Opinião: Os impactos desconhecidos das moratórias de crédito

A 24 de Setembro de 2020 foi anunciado o prolongamento das moratórias de crédito até Setembro de 2021. Embora esta medida seja perfeitamente compreensível dada a situação de pandemia atual, existe um natural impacto sobre o nosso sistema financeiro.

Este impacto pode e deve ser medido a vários tempos: a curto e médio prazo. A juntar ao adiamento do recebimento de um volume importante de juros e capital, foi exigido às entidades bancárias um esforço não displicente sobre as áreas técnicas e de negócio na adaptação das suas aplicações e processos para responderem adequadamente a esta exigência. A longo prazo, estão ainda por ser avaliadas as consequências deste adiamento do pagamento de mais de 17 mil milhões de euros em capital e juros (cerca de 8% do PIB português em 2019), segundo os últimos dados do Banco de Portugal.

Embora exista um conjunto de analistas que defende que a última crise económica preparou, genericamente, o sistema financeiro para este tipo de situações, com todas as exigências em termos de controlos internos e capitalização, há quem creia que o pedido de mais de 700 mil clientes (particulares e empresas) para aceder a esta prorrogativa, juntamente com o aumento de 6,8% do número de cartões em descoberto e o crédito a famílias num máximo dos últimos 5 anos, pode constituir um cenário com consequências imprevistas (dados estatísticos Banco de Portugal).

Se considerarmos que as adaptações aos sistemas para incorporarem estas solicitações foram efetuadas em tempos particularmente exigentes, recorrendo muitas vezes a tratamento manual de recolha e consulta de dados, é admissível pensar que alguma da informação resultante destes processos não esteja ainda a ser plenamente incorporada nas avaliações de risco dos bancos, nomeadamente na atribuição de novos créditos, risco de contágio e simulações de cenários de avaliação de exposição.
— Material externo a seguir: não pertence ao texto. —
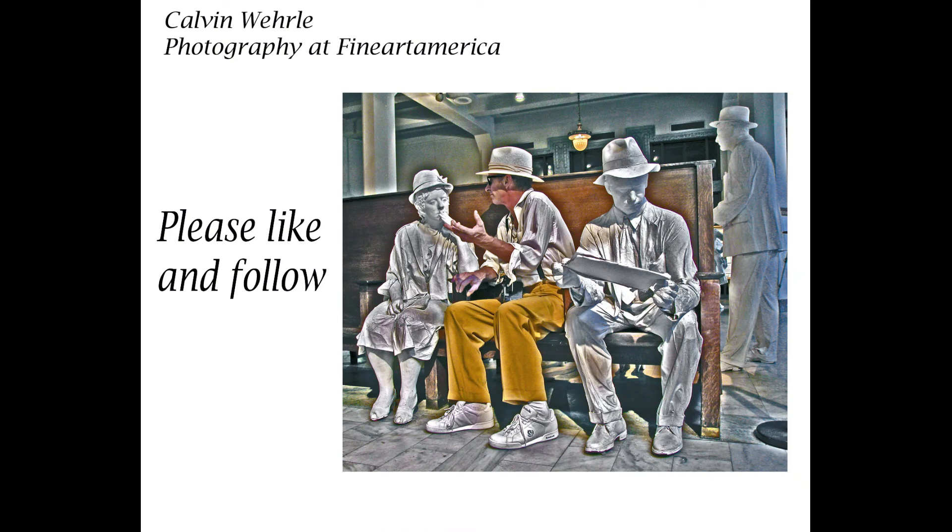Well, if you're still here, thank you. I enjoyed doing this video and I have a lot of photography, so I hope to put a lot more out. Please give me a like and follow me, and I'll be back with more. Thanks again.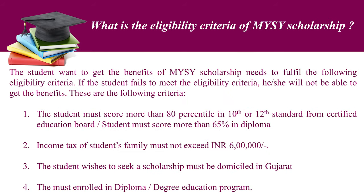What is the eligibility criteria of MYSY scholarship? The student wanting to get the benefits of MYSY scholarship needs to fulfill the following eligibility criteria. If the student fails to meet the eligibility criteria, he or she will not be able to get the benefits. First, the student must score more than 80 percentile in 10th or 12th standard from a Certified Education Board, or the student must score more than 65 percent in diploma.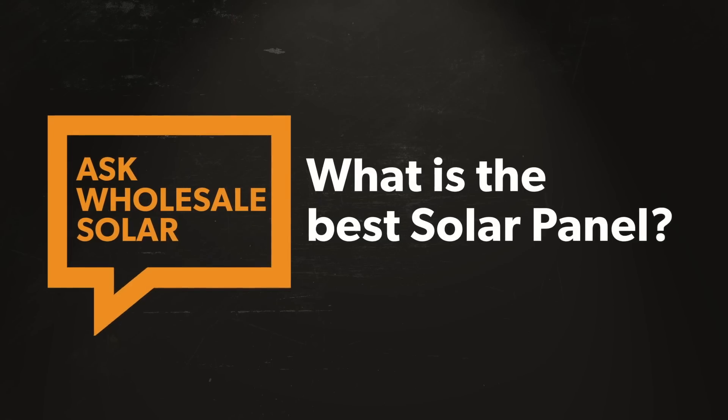Hey, this is Brent with Wholesale Solar. Today we're going to be talking about the best solar panels. If you're taking the time to watch this video right now, chances are you're doing some research on a solar project and you're trying to figure out which panels are going to be the best ones for you. There's a lot of noise out on the internet and a lot of options. In this video we're going to go over the panel options that we have and discuss which ones might be the best ones for your project.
Estes desafios devem ser endereçados de forma cuidadosa, recorrendo à capacidade de ferramentas tecnológicas, nomeadamente de tratamento inteligente de dados e de aceleração de processos, como RPA – Robot Process Automation.
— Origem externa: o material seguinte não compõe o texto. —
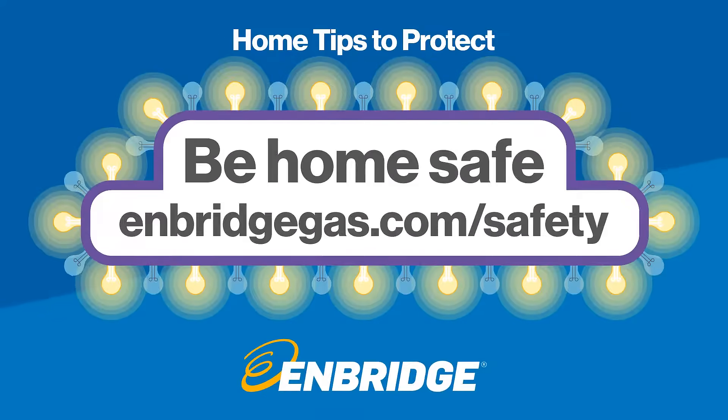Thanks for testing your safety smarts. For more essential tips, visit EnbridgeGas.com/safety.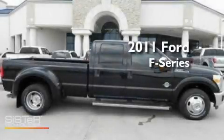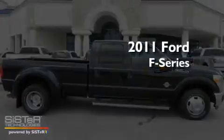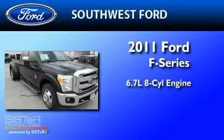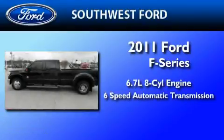This is a brand-new 2011 Ford F-350. It has a 6.7-liter 8-cylinder engine and a 6-speed automatic transmission.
Neste momento, assistimos à utilização da robótica para o carregamento massivo de informação nos sistemas e substituição de processos manuais de recolha e tratamento de dados. Práticas que reduzem a carga operacional das áreas comerciais e de operações e que viabilizam o processamento de informação crítica aos cálculos de risco e rentabilidade. Esta opção tem muita utilização e maturidade no nosso mercado e permite igualmente focar as capacidades internas nos temas de maior valor acrescentado ou que naqueles que requerem a imprescindível atenção de um profissional.

Assistimos igualmente em muitas organizações à aplicação de metodologias e capacidades computacionais atuais na identificação de padrões e redes de influência dificilmente percetíveis ao “olho humano”, a chamada análise de dados (Data Analytics), que permite alcançar um nível de assertividade e rapidez na avaliação de temas tão sensíveis como o risco e a rentabilidade de um Banco.

Independentemente de todas as questões conhecidas relativamente ao funcionamento do nosso sistema bancário, a verdade é que estas entidades são consistentemente chamadas a co suportar, a par do Estado, a liquidez das empresas e particulares, pelo que é fundamental garantir a sua firme capacidade de resposta e reconhecer o esforço que fazem para o conseguirem fazer. Às empresas de estratégia e tecnológicas, como a empresa que represento, cabe o papel de alertar, assessorar, capacitar e viabilizar uma atividade critica ao bom funcionamento do sistema económico, com a responsabilidade e compromisso que essa função também nos exige.